◆ **THE PROBLEM**
Please restate every entry exactly. Leave out the pictures.

MATERIAL TO PROCESS below:

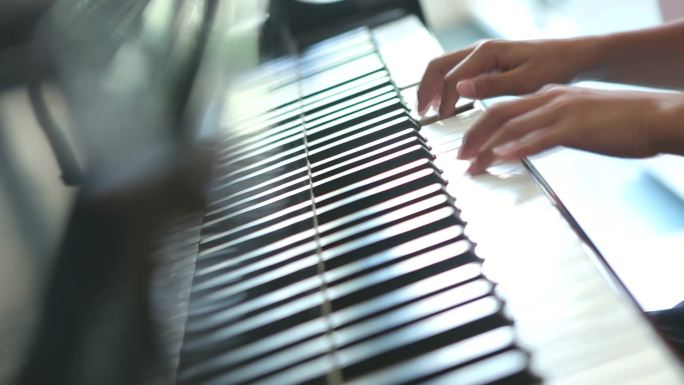 弹钢琴的手、弹琴、钢琴、琴键、手指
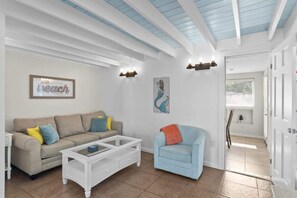TV - 2 Cottages Rented Together | Amazing Heated Pool | Near Beaches (Sarasota)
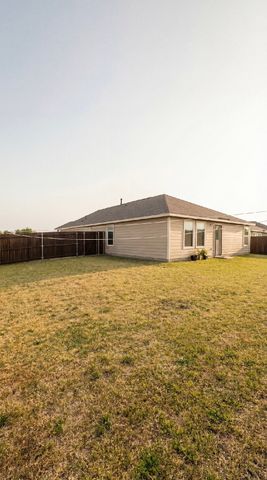 1760 Courage Creek, Crandall, TX 75114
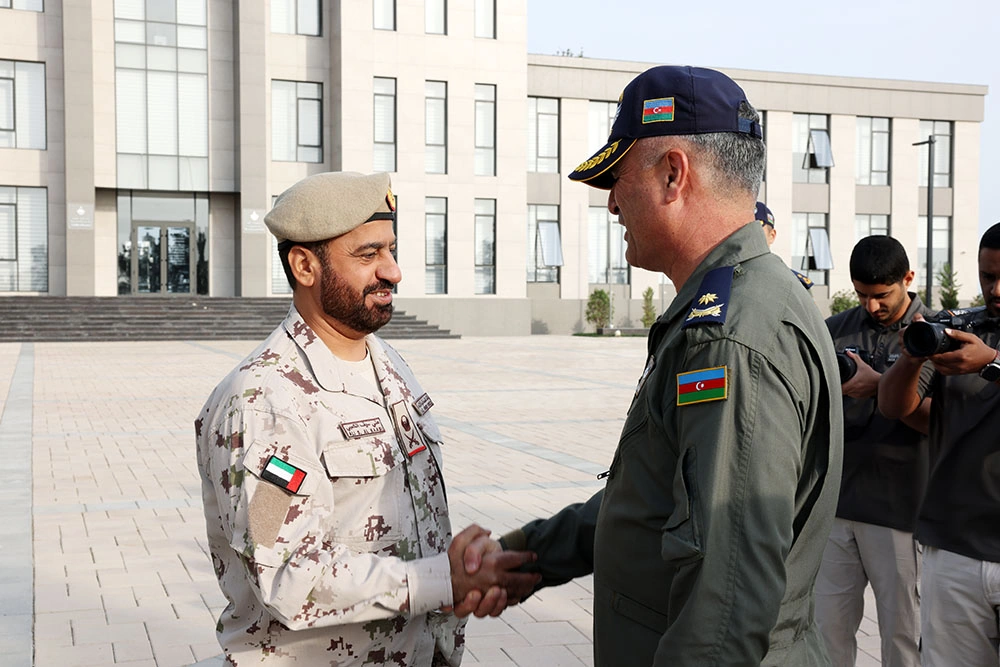 UAE Presidential Guard commander visits Azerbaijan (PHOTO)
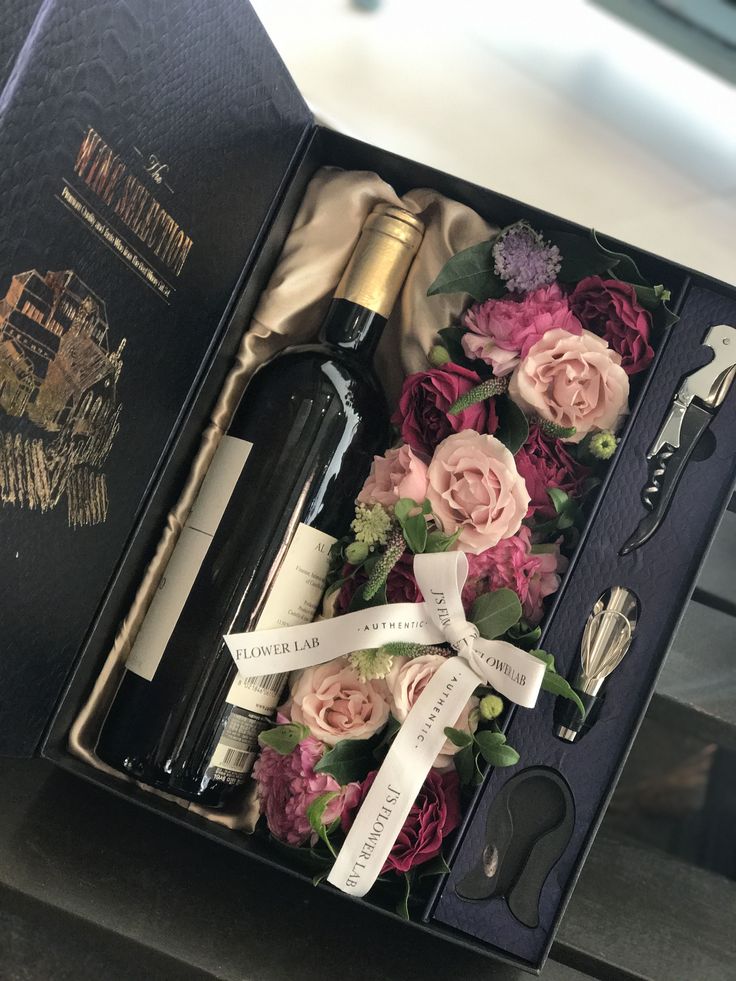 Flower box with wine Wine Arrangement Gift, Wine Boxes Gift Ideas, Wine Bottle Box Ideas, Wine Box Ideas Gift, Wine And Flowers Gift Boxes, Wine Arrangement, Champagne Gift Box, Wine Gift Box Ideas, Boxed Wine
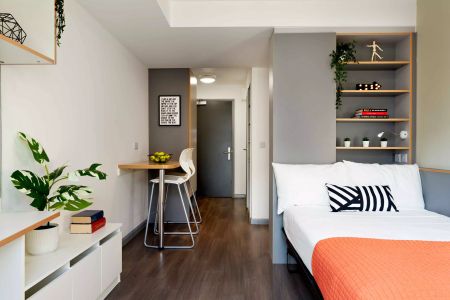 Silver Studio - Accessible - Photo 3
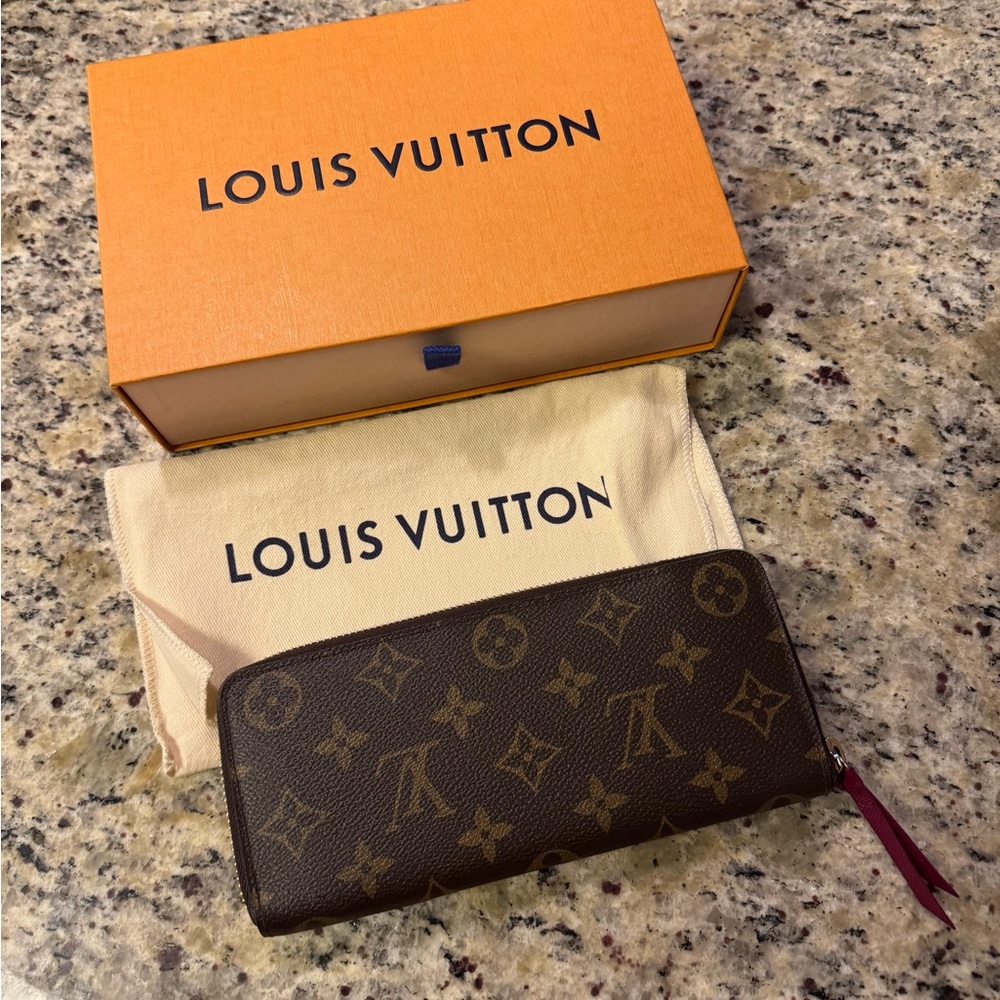 Louis Vuitton Clementine wallet.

End of MATERIAL TO PROCESS.

◆ **THE ANSWER**
 弹钢琴的手、弹琴、钢琴、琴键、手指
TV - 2 Cottages Rented Together | Amazing Heated Pool | Near Beaches (Sarasota)
 1760 Courage Creek, Crandall, TX 75114
 UAE Presidential Guard commander visits Azerbaijan (PHOTO)
 Flower box with wine Wine Arrangement Gift, Wine Boxes Gift Ideas, Wine Bottle Box Ideas, Wine Box Ideas Gift, Wine And Flowers Gift Boxes, Wine Arrangement, Champagne Gift Box, Wine Gift Box Ideas, Boxed Wine
 Silver Studio - Accessible - Photo 3
 Louis Vuitton Clementine wallet.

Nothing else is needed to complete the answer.